Außerdem werden Weiße hier Mzungu (für eine Person) bzw Wazungu (für mehrere) genannt. Mir ist das echt unangenehm. Es hat erstmal keine Wertung in der Aussage, sondern ist einfach eine sachliche Feststellung oder eine Benennung ohne den Namen zu wissen. Dennoch gibt es ja etwas, was dazu motiviert mich zu benennen und andere nicht.
Dass ich weiß bin und in einer Umgebung aufgewachsen bin, in der weiß sein die Norm war, wusste ich schon. Und ich wusste auch, dass es Orte gibt, in denen Weiße eine Minderheit sind. Was das aber konkret mit sich bringt, wie sich das anfühlt und welche Gedanken da hoch kommen, stelle ich erst jetzt so richtig fest. Bei diesem Thema bin ich jedenfalls noch nicht fertig wahrzunehmen und zu überlegen, wie ich damit eigentlich umgehen möchte.

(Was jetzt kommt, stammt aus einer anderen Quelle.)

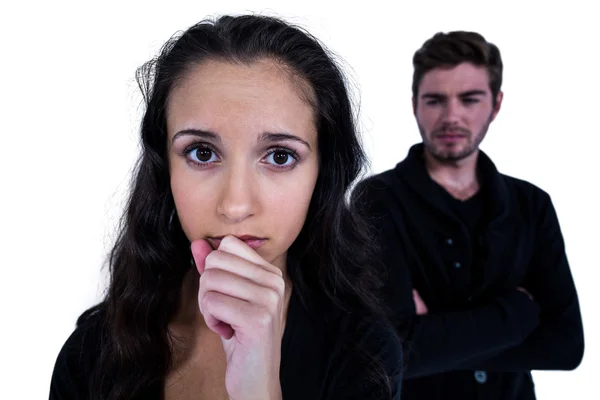 Retrato de mulher triste com o homem — Fotografia de Stock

Ist Klimawandel usw. ein Thema oder gar nicht? Als am 20. September die großen Klima-Demos waren, habe ich an Dich gedacht: da war immer von der „weltweiten“ Beteiligung die Rede. In Daressalam vielleicht auch?
Klimawandel ist schon auch ein Thema. ZB wurden in Tanzania Plastiktüten verboten. Nun weiß ich garnicht wie es vorher war und was sich verändert hat. Wenn man etwas auf dem Markt kauft, wird es in Papiertüten oder verpackt. Wenn man sich Backwaren kauft, werden sie in Zeitungspapier verpackt (wie gesund das ist, weiß ich allerdings auch nicht). Außerdem laufen überall Verkäufer mit so Mehrweg-Taschen rum.
Ansonsten gibt es hier ein großes Problem mit Müll, würde ich sagen. Einige Menschen werfen ihren Müll auf den Boden wo auch immer sie gerade sind. Dadurch liegt überall viel Müll rum. Es gibt nicht so öffentliche Mülltonnen in der Stadt. Ich hab aber jetzt Orte entdeckt an denen an der Wand etwas steht wie „Müll bitte hierhin werfen“. Wenn ich aber nicht zufällig solch eine Ecke entdecke, was soll ich mit meinem Müll machen? Außerdem hab ich mich mit einem aus der Gemeinde unterhalten. Er findet es auch ein großes Problem und er sagt, dass es ein Umdenken bei den Menschen geben muss. Er würde seine Kinder anders erziehen. Und ich habe auch schon mitbekommen, wie er Kinder hier in der Gemeinde darauf aufmerksam gemacht hat, als sie Müll haben fallen lassen. Außerdem meint er, dass da die Regierung ran muss und mehr darüber aufklären und Möglichkeiten zur Entsorgung schaffen. Es ist nicht unbedingt ein individuelles Problem, sondern vorallem ein politisches. In Stonetown sehe ich jeden Morgen eine Müllabfuhr, die den Müll aus den Straßen auffegt und mitnimmt. Häufig sehe ich kleine, private Feuer, bei denen Müll verbrannt wird.
Von Demonstrationen zum Klimawandel hab ich nichts mitbekommen. Über die Homepage von Fridays For Future habe ich aber Arusha, Dar, Moshi, Nyangao und Ruvuma in einer Liste entdeckt. In Arusha und Moshi gibt es wohl wöchentliche Demos.

 

Wenn ihr habt, lasst mir weitere Fragen gern zukommen. Ich versuche sie bestmöglich zu beantworten. Danke auch für die Kommentare hier im Blog oder persönlich – ich freue mich sehr darüber!